Try it: Reproduce verbatim only the lines from the one containing "男女 ペア セットアップ" through the last line below, both included.

== Segment start ==

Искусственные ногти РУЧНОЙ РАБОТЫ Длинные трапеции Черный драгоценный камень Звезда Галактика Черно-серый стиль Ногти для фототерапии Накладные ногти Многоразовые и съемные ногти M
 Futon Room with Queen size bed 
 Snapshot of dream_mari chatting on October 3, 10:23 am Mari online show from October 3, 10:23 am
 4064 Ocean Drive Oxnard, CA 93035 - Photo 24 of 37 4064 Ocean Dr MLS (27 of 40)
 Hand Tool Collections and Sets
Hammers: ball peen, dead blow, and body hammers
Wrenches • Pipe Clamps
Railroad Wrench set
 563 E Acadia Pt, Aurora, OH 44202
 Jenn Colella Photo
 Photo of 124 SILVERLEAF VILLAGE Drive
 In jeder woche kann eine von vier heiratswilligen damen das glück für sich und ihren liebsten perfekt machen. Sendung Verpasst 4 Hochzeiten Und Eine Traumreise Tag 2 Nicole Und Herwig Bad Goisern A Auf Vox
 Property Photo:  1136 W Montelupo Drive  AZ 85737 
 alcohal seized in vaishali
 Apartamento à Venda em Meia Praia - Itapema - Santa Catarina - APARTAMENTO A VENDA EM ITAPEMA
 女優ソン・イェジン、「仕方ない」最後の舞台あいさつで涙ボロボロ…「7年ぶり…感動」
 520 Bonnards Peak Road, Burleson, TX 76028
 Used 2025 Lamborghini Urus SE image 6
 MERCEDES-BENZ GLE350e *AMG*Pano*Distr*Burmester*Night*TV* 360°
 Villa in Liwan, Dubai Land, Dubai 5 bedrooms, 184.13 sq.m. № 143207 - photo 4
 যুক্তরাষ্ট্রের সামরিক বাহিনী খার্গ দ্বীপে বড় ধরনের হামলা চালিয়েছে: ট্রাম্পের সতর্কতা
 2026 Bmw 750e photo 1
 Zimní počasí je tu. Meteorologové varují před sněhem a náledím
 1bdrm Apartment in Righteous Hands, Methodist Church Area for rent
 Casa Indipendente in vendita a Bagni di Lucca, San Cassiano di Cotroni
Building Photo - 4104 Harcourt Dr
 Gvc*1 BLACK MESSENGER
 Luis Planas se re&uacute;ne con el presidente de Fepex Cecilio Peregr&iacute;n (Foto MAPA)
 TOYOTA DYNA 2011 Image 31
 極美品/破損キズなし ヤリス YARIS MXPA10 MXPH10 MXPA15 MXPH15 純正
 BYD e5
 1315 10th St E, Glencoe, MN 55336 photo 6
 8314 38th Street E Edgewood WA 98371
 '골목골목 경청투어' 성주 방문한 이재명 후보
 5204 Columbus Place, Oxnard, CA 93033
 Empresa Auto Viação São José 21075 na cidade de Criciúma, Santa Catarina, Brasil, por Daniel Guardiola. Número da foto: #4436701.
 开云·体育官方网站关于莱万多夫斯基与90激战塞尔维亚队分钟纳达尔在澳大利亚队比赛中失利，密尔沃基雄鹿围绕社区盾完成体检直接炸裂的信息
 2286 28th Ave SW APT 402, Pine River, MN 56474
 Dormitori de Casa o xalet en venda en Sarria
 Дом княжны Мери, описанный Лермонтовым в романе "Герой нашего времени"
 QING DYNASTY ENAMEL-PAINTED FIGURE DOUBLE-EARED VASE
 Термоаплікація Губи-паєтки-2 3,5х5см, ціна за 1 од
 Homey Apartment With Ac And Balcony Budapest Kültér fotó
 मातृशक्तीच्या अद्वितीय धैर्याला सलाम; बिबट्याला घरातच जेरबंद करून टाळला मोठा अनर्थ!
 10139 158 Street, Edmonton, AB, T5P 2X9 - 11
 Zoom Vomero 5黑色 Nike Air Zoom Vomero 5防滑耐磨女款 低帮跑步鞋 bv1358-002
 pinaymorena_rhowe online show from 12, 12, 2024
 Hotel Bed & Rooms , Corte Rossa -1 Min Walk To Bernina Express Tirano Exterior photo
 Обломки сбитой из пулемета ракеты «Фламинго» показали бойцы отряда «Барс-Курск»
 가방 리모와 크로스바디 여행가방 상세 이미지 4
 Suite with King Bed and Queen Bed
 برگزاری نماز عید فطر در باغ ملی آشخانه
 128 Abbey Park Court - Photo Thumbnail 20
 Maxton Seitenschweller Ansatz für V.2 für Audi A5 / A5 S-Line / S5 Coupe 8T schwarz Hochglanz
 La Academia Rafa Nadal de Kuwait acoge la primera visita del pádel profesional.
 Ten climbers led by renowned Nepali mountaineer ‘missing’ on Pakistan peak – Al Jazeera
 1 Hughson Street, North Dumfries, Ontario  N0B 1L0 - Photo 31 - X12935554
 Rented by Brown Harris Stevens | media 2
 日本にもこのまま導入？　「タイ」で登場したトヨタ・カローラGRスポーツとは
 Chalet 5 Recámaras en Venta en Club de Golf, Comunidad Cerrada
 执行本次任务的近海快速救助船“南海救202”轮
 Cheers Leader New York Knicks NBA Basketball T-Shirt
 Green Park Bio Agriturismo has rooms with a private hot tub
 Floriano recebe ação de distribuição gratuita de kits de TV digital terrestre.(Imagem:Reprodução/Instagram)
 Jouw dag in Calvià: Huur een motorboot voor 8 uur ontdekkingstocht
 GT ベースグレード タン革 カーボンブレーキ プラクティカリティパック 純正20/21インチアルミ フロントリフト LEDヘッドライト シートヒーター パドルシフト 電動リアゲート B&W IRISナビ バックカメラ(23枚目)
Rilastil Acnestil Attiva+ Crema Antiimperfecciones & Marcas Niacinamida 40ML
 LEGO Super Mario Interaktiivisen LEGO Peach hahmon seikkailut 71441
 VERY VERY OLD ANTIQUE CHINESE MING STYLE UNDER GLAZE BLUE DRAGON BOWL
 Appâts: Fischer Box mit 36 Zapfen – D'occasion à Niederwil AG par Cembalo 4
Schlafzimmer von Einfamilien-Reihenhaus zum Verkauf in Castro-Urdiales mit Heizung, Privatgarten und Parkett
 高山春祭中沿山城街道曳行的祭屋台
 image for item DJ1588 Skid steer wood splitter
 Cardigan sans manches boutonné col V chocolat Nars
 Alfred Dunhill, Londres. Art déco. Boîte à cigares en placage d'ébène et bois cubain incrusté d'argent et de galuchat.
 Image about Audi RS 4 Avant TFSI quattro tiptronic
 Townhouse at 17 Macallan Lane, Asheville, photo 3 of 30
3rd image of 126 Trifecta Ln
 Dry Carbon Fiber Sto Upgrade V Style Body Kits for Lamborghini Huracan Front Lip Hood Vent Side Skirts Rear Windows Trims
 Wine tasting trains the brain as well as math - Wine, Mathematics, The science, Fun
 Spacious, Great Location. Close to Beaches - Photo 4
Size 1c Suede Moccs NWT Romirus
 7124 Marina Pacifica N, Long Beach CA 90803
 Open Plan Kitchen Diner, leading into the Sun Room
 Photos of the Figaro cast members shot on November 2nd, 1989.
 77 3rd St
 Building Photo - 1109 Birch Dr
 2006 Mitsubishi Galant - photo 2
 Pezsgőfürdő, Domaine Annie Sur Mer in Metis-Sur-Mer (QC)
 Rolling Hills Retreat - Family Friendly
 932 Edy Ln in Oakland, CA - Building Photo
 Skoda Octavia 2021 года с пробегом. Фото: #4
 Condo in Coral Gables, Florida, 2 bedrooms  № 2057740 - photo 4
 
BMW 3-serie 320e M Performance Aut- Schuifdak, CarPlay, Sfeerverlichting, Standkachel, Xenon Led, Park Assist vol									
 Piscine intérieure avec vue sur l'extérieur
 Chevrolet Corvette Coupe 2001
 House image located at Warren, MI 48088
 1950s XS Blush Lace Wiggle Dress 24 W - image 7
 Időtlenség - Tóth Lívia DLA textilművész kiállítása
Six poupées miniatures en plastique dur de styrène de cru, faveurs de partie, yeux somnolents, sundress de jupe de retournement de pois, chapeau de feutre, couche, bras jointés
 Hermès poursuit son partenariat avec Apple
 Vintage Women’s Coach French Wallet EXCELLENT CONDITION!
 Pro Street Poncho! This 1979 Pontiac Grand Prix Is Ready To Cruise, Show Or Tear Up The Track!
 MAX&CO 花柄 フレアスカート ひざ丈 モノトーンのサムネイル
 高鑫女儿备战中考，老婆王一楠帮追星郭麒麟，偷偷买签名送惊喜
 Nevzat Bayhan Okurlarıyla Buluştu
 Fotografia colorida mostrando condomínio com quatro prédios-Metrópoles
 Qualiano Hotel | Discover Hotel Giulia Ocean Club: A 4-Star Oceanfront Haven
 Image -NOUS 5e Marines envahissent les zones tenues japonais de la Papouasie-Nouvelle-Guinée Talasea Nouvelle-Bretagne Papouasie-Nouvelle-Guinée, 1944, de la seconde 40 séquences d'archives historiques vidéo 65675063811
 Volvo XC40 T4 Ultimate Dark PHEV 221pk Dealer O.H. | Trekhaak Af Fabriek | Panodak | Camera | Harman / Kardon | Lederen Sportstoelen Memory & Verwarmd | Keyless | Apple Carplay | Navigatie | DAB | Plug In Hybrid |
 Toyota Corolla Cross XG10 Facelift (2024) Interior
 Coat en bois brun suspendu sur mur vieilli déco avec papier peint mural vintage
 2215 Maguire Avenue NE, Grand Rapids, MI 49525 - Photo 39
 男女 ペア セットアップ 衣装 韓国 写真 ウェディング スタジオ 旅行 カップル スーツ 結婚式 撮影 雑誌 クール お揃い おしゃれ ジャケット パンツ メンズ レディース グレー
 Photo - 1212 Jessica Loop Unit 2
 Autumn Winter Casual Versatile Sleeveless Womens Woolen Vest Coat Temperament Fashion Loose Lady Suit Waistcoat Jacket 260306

== Segment end ==

Result of this task:
 男女 ペア セットアップ 衣装 韓国 写真 ウェディング スタジオ 旅行 カップル スーツ 結婚式 撮影 雑誌 クール お揃い おしゃれ ジャケット パンツ メンズ レディース グレー
 Photo - 1212 Jessica Loop Unit 2
 Autumn Winter Casual Versatile Sleeveless Womens Woolen Vest Coat Temperament Fashion Loose Lady Suit Waistcoat Jacket 260306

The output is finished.